После всего этого, спрашиваю я, какой смысл имеет для меня (и для всех) еврейство, эта колыбель новейших религий, христианства, все эти легенды о чудесах, о явлении божием, о Христе, о воскресении его, о святом духе, все эти святые, угодники, наконец, все эти громкие, но пустейшие слова вроде: бессмертия души, человечества, прогресса, цивилизации, народного духа и проч., и проч., и проч.?..

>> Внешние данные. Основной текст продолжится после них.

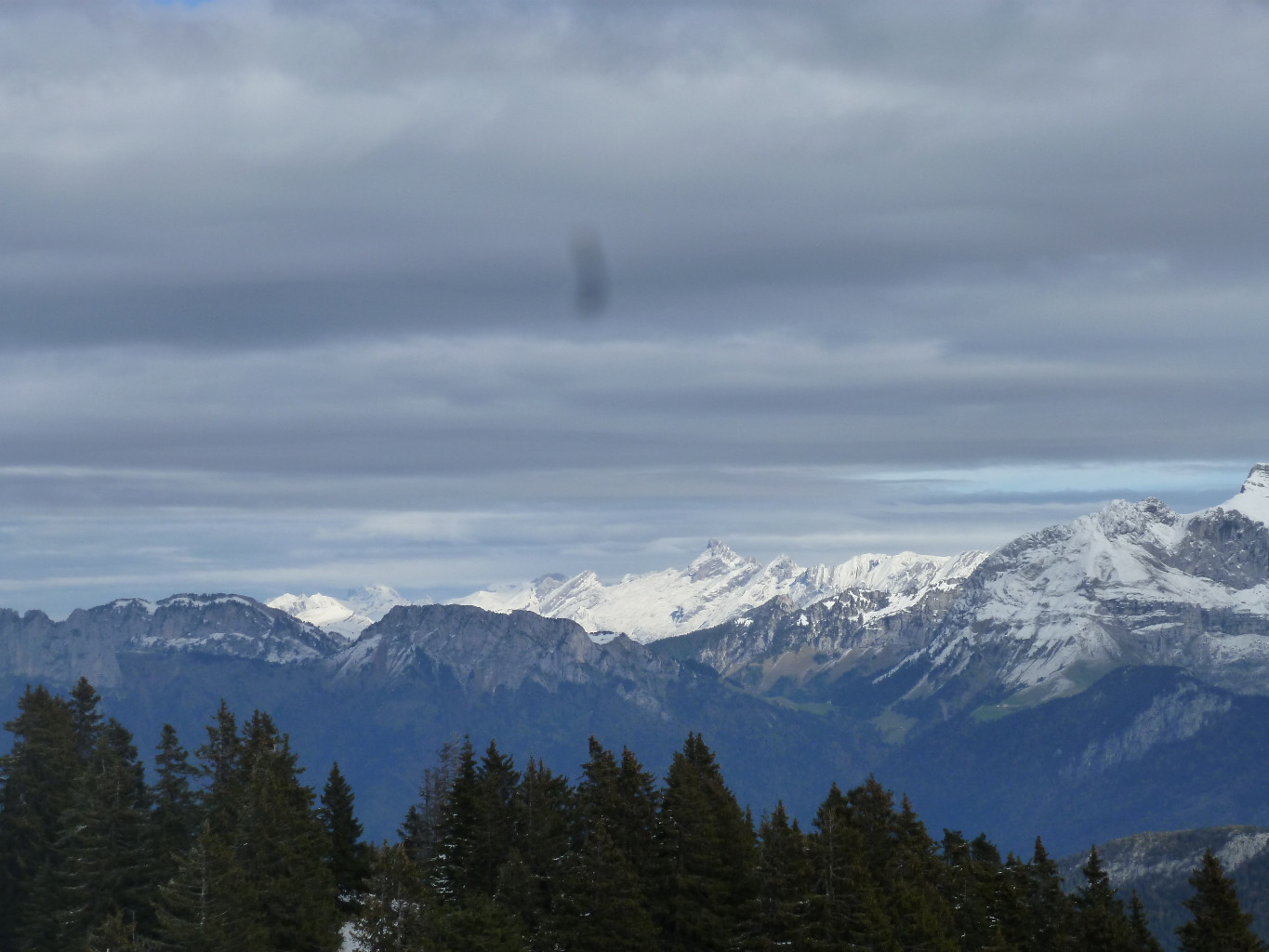 Aravis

Если говорить о бессмертии души человека, то почему же не говорить о таком же бессмертии души свиньи, собаки, крота, инфузорий наконец, которых мы глотаем в воздухе, в воде? — потому что человек относительно земли, земля относительно вселенной так же ничтожны, как инфузории относительно человека. Неужели творящая сила вселенной, или бог, так-таки интересуется ничтожными людскими помыслами, народами, даже целыми планетами? Вы скажете, что человек имеет искру божию, поэтому он стоит выше всех? Но сколько этих людей? Буквально капля в море. Вы должны сказать, что из 80 миллионов облюбованного вами русского народа, в котором думаете находить лекарство (<…> «они в народе, в святыне его (sic!) и в нашем соединении с ним»), положительно 60 миллионов живут буквально животною жизнью, не имея никакого разумного понятия ни о Боге, ни о Христе, ни о душе, ни о бессмертии ее… Вы совершенно справедливо замечаете, что без идеи о бессмертии (по-моему, о Боге) нет смысла и логики в жизни… но в самом существовании души, бессмертия, карающего и вознаграждающего (в каком хотите философском толковании этого) Бога еще меньше смысла и логики. <…> В Вашей искренности, честности никто не сомневается, — но не выйдет ли несколько смешно, если захотите разрешить положительно (по-моему) неразрешимое? Мне больно будет за Вас. Во всяком случае хотелось бы мне дожить до того времени, когда Ваши «утверждения» будут не «голословными». О, как бы я хотел утвердиться в этих убеждениях! Поверьте, что я первый буду преклоняться перед Вашими «истинами», когда будет доказано, что они «истины». Но боюсь, что никогда Вы этого не докажете. Примите уверение в моем глубоком уважении.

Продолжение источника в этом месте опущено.